Message ID | 20241021051151.4664-1-suhua.tanke@gmail.com (mailing list archive) |
---|---|
State | New |
Headers | show |
Series | memblock: uniformly initialize all reserved pages to MIGRATE_MOVABLE | expand |
From: Mike Rapoport (Microsoft) <rppt@kernel.org> On Mon, 21 Oct 2024 13:11:51 +0800, Hua Su wrote: > Currently when CONFIG_DEFERRED_STRUCT_PAGE_INIT is not set, the reserved > pages are initialized to MIGRATE_MOVABLE by default in memmap_init. > > Reserved memory mainly store the metadata of struct page. When > HUGETLB_PAGE_OPTIMIZE_VMEMMAP_DEFAULT_ON=Y and hugepages are allocated, > the HVO will remap the vmemmap virtual address range to the page which > vmemmap_reuse is mapped to.

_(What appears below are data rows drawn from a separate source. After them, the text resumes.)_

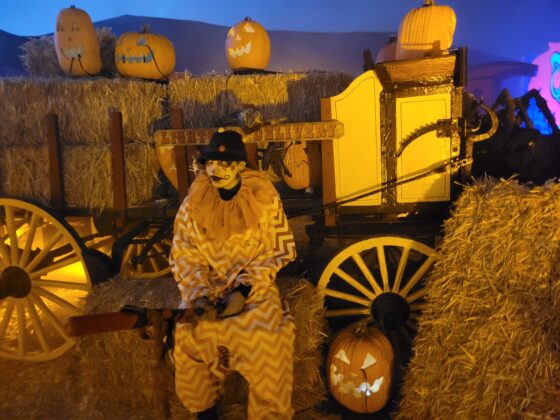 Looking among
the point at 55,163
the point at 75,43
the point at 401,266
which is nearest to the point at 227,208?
the point at 401,266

The pages previously mapping the range will > be freed to the buddy system. > > [...] Applied to for-next branch of memblock.git tree, thanks! [1/1] memblock: uniformly initialize all reserved pages to MIGRATE_MOVABLE commit: ad48825232a91a382f665bb7c3bf0044027791d4 tree: https://git.kernel.org/pub/scm/linux/kernel/git/rppt/memblock branch: for-next -- Sincerely yours, Mike.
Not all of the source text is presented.